About this task.
Within the lines below, the span from the line with "One of the dependencies" to the line with "Go to the Calibration", both ends included, is to be reproduced exactly, with pictures omitted.

Stored items.
--- START ---

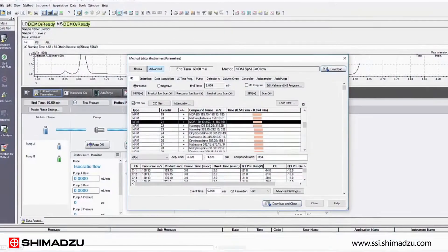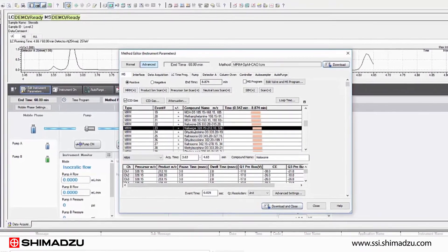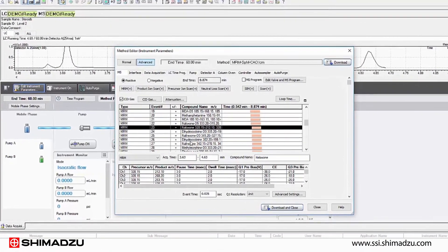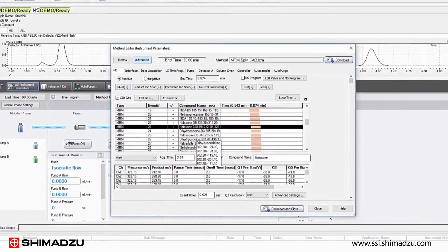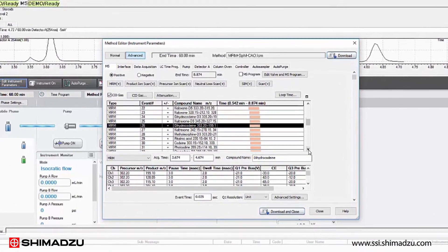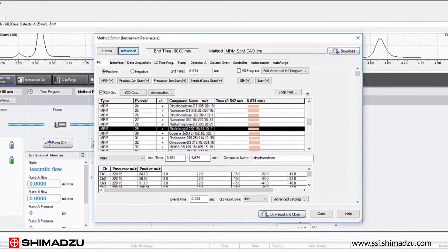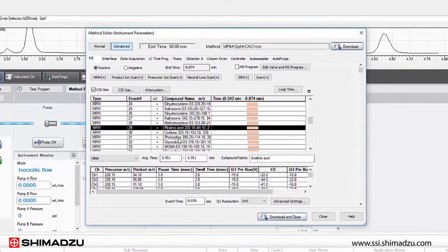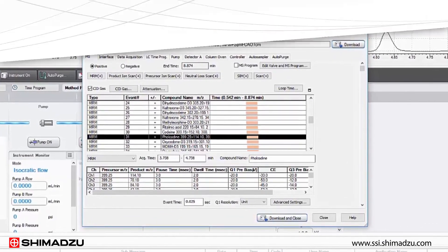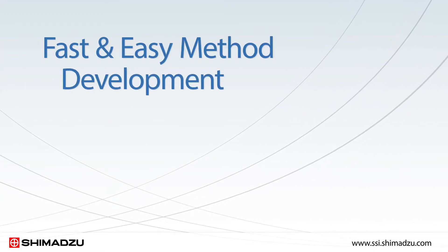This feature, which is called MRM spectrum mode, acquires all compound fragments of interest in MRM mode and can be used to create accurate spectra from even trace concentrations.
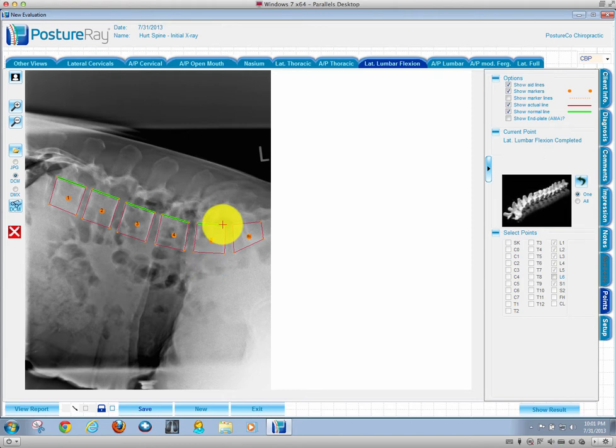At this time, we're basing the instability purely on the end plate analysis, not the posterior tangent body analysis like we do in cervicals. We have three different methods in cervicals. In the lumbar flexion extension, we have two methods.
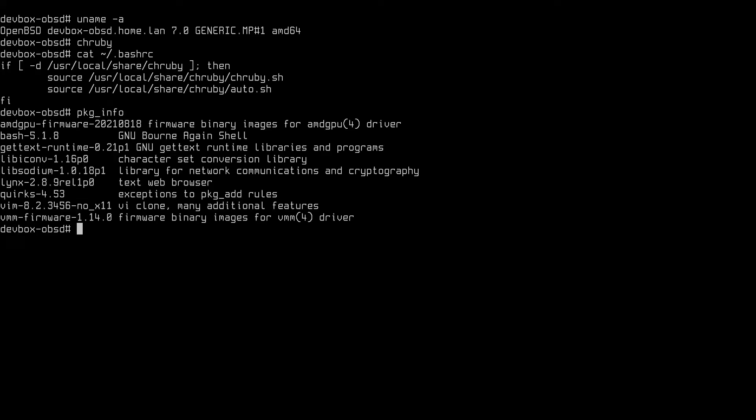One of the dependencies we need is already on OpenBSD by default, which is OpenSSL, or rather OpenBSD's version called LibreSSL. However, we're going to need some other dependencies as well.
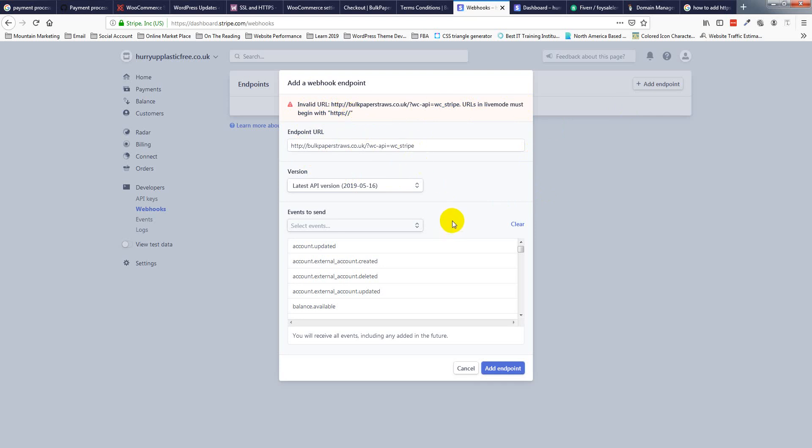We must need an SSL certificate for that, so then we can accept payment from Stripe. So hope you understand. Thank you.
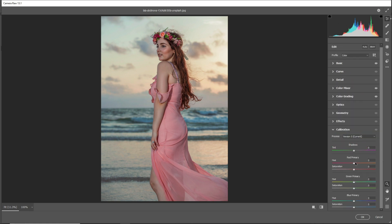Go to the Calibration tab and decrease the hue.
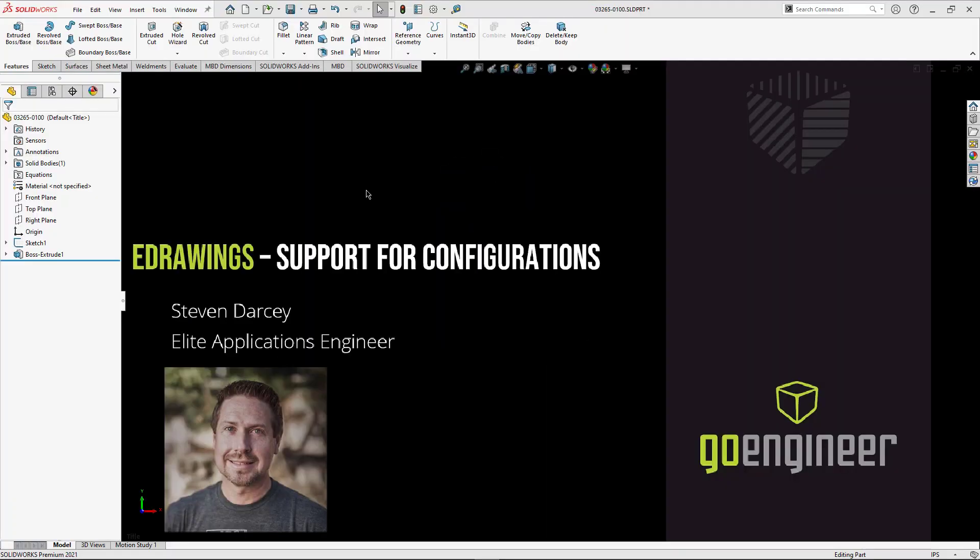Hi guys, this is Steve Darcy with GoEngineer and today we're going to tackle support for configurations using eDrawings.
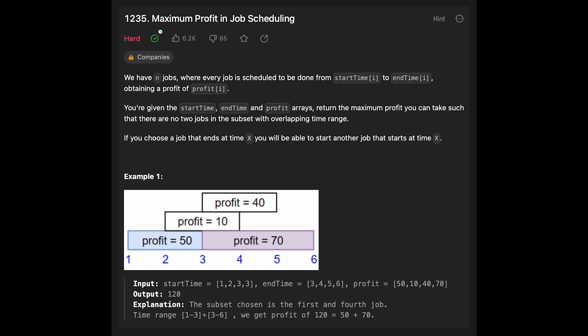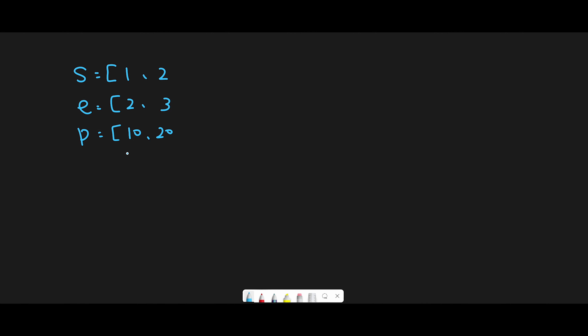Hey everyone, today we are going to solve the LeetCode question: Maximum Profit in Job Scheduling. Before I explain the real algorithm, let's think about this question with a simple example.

--- END ---

Exercise answer.
One of the dependencies we need is already on OpenBSD by default, which is OpenSSL, or rather OpenBSD's version called LibreSSL. However, we're going to need some other dependencies as well.
We must need an SSL certificate for that, so then we can accept payment from Stripe. So hope you understand. Thank you.
Go to the Calibration tab and decrease the hue.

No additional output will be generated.